2 : Cet article se fonde, non seulement sur les travaux de sciences sociales consacrés aux écoles alternatives, mais aussi, et surtout, sur une étude analytique des projets pédagogiques, disponibles sur les sites internet, d’une quinzaine d’écoles situées dans le quart sud-ouest de la France.

3 : Lire à ce sujet « La gentrification rurale, un regard critique sur les évolutions des campagnes françaises » de Greta Tommasi, GéoConfluences, 2018.

4 : D’après les résultats de l’étude d’Aurélie Delage, Nora Nafaa et Manon Riffard, « Dans les interstices. Les écoles alternatives dans les espaces ruraux français, nouvel horizon des entrepreneurs éducatifs », Terrains et Travaux, n° 41, 2022.

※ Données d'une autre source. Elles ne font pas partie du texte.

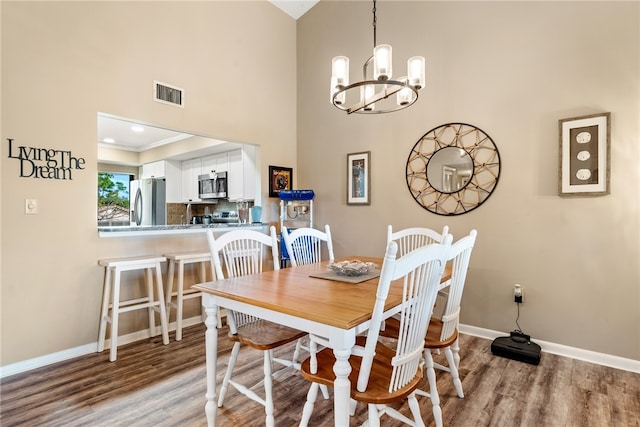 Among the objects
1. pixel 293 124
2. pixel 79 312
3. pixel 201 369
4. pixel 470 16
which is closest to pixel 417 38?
pixel 470 16

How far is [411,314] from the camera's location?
52.6 inches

5 : Parmi les écoles auxquelles je me suis intéressé, les tarifs annuels vont de 2500 à 4500 euros. C’est beaucoup, ça rend ces écoles inaccessibles à pas mal d’enfants, mais cela reste bien en-dessous des prix pratiqués par les écoles à vocation commerciale des grandes villes, dont le coût d’inscription annuel dépasse souvent les 10 000 euros. Certaines écoles, comme le Collège associatif de la montagne limousine, ont résolu le dilemme entre frais de fonctionnement et accessibilité financière en ne fonctionnant que sur du bénévolat. Lire à ce sujet Faire (l’)école. Un collège associatif sur la montagne limousine, Les archéologues d’un chemin de traverse, Éditions du Commun, 2020.